Embryonic stem cell-derived astrocytes expressing drug-inducible transgenes: differentiation and transplantion into the mouse brain.

OBJECT: Embryonic stem cell (ESC)-derived astrocytes have many theoretical and practical advantages as vectors for delivery of gene therapy to the central nervous system (CNS). The aim of this study was to generate highly pure populations of ESC-derived astrocytes expressing drug-inducible transgenes, while minimizing contamination by undifferentiated ESCs METHODS: Embryonic stem cells carrying a doxycycline-inducible green fluorescent protein (GFP) transgene were induced to differentiate into astrocytes by using feeder cell-free conditions that are completely defined. More than 95% of these cells expressed the astrocyte markers glial fibrillary acidic protein and GLT-1 glutamate transporter, and the morphological characteristics of these cells were typical of astrocytes.

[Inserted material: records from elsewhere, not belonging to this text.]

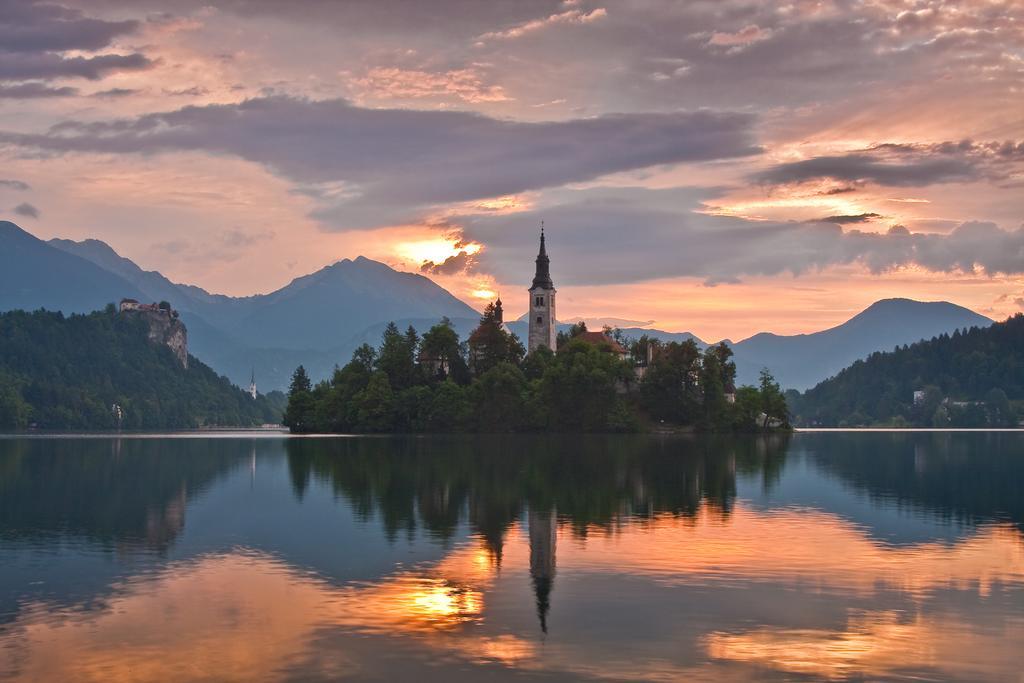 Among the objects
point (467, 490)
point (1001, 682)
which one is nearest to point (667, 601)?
point (1001, 682)

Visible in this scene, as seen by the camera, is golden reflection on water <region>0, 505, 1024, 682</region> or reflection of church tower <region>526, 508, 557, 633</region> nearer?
golden reflection on water <region>0, 505, 1024, 682</region>

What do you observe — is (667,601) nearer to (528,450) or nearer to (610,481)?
(610,481)

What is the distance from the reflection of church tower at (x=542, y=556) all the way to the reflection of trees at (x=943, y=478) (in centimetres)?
2204

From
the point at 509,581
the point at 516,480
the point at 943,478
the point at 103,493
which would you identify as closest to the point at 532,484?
the point at 516,480

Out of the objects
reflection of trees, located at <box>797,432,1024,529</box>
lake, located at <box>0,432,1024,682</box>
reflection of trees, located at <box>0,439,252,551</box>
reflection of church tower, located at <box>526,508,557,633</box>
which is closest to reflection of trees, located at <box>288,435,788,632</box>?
reflection of church tower, located at <box>526,508,557,633</box>

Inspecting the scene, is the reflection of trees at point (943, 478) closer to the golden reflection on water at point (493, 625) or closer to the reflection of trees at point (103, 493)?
the golden reflection on water at point (493, 625)

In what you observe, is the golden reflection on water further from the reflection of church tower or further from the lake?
the reflection of church tower

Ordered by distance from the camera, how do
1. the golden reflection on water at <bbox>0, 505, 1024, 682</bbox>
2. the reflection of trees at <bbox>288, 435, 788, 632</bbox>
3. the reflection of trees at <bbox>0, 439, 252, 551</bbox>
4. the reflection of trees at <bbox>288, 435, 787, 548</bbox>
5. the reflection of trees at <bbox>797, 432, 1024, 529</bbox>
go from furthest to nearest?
1. the reflection of trees at <bbox>797, 432, 1024, 529</bbox>
2. the reflection of trees at <bbox>288, 435, 787, 548</bbox>
3. the reflection of trees at <bbox>288, 435, 788, 632</bbox>
4. the reflection of trees at <bbox>0, 439, 252, 551</bbox>
5. the golden reflection on water at <bbox>0, 505, 1024, 682</bbox>

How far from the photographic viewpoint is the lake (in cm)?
2838

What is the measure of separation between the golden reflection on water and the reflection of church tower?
30cm

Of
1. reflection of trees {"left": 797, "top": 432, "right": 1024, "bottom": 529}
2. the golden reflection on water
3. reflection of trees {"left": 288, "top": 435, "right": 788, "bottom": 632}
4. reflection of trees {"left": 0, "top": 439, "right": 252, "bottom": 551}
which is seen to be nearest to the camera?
the golden reflection on water

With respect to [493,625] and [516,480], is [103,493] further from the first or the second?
[493,625]

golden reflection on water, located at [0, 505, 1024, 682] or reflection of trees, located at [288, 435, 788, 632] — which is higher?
→ reflection of trees, located at [288, 435, 788, 632]

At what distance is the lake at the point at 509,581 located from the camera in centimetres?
2838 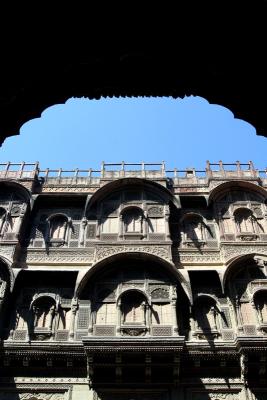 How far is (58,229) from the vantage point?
666 inches

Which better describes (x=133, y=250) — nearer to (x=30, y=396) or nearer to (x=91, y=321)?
(x=91, y=321)

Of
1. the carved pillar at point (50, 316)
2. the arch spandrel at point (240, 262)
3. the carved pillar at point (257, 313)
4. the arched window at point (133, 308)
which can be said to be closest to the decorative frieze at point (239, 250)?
the arch spandrel at point (240, 262)

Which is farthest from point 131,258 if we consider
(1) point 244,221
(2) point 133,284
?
(1) point 244,221

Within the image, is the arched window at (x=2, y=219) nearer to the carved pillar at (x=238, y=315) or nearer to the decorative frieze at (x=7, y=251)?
the decorative frieze at (x=7, y=251)

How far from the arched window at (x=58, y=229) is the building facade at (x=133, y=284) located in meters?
0.04

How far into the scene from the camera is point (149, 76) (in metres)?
4.38

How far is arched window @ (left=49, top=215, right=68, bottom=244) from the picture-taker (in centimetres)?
1639

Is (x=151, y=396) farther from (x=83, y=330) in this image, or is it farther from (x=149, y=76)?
(x=149, y=76)

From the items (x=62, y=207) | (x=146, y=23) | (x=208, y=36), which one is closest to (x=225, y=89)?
(x=208, y=36)

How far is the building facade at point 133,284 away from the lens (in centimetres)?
1256

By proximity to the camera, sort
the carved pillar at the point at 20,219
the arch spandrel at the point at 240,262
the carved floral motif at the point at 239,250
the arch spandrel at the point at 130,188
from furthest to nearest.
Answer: the arch spandrel at the point at 130,188, the carved pillar at the point at 20,219, the carved floral motif at the point at 239,250, the arch spandrel at the point at 240,262

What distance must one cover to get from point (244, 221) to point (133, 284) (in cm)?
530

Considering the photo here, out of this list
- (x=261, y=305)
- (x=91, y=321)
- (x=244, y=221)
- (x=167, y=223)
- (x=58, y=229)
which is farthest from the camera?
(x=58, y=229)

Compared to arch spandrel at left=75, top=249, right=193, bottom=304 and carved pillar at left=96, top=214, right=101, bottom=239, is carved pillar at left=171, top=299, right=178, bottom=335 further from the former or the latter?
carved pillar at left=96, top=214, right=101, bottom=239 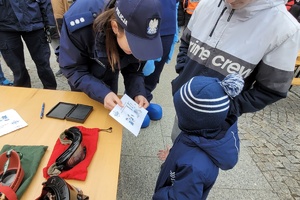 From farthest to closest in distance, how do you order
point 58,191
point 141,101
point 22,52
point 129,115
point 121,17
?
point 22,52 → point 141,101 → point 129,115 → point 121,17 → point 58,191

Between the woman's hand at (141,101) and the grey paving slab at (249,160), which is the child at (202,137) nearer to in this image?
the woman's hand at (141,101)

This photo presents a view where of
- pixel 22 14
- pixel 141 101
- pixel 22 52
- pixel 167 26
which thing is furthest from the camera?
pixel 22 52

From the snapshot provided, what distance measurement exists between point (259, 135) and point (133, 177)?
1.47 m

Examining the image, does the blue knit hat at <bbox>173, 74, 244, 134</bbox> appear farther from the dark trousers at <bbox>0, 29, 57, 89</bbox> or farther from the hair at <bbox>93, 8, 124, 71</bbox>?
the dark trousers at <bbox>0, 29, 57, 89</bbox>

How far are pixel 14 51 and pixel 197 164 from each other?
209 cm

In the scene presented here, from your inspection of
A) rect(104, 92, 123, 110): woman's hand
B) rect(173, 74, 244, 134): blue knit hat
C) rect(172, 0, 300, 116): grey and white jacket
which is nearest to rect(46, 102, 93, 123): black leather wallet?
rect(104, 92, 123, 110): woman's hand

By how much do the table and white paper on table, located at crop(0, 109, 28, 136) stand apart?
2cm

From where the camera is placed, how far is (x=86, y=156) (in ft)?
3.13

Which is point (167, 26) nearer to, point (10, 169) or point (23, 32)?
point (23, 32)

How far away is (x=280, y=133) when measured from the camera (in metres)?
2.46

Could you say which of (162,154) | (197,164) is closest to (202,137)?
(197,164)

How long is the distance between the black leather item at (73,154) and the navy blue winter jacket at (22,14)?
1.59m

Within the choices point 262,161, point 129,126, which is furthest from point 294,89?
point 129,126

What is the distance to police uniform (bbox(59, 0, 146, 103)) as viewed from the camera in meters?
1.08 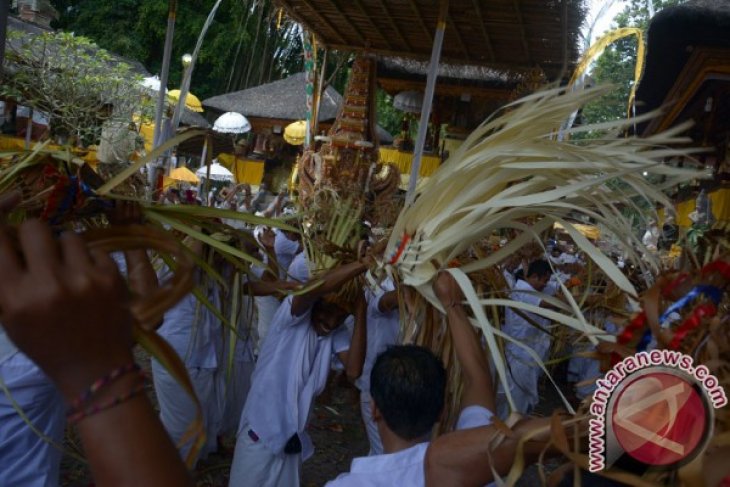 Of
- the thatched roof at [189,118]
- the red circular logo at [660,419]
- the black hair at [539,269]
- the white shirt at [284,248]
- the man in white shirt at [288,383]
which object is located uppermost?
Answer: the thatched roof at [189,118]

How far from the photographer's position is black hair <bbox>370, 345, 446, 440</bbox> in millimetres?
2074

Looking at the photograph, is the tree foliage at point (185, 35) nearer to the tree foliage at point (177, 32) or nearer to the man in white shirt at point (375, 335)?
the tree foliage at point (177, 32)

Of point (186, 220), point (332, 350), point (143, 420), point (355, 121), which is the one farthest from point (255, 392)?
point (355, 121)

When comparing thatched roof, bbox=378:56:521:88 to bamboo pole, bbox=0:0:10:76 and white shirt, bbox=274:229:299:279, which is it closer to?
white shirt, bbox=274:229:299:279

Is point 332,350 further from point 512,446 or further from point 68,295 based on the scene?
point 68,295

The expression of additional astrocyte markers was detected using reverse transcription-polymerase chain reaction. Undifferentiated ESCs comprised fewer than 0.1% of the cells after 10 days in this culture. Positive and negative selection techniques based on fluorescence-activated cell sorting were successfully used to decrease further the numbers of undifferentiated ESCs. Fully differentiated astrocytes expressed a GFP transgene under the tight control of a doxycycline-responsive promoter, and maintained their astrocytic phenotype 24 hours after transplantation into the mouse brain. CONCLUSIONS: This study shows that transgenic ESCs can be induced to differentiate into highly pure populations of astrocytes. The astrocytes continue to express the transgene under the tight control of a drug-inducible promoter and are suitable for transplantation into the mouse brain. The number of potentially hazardous ESCs can be minimized using cell-sorting techniques. This strategy may be used to generate cellular vectors for delivering gene therapy to the CNS.[1]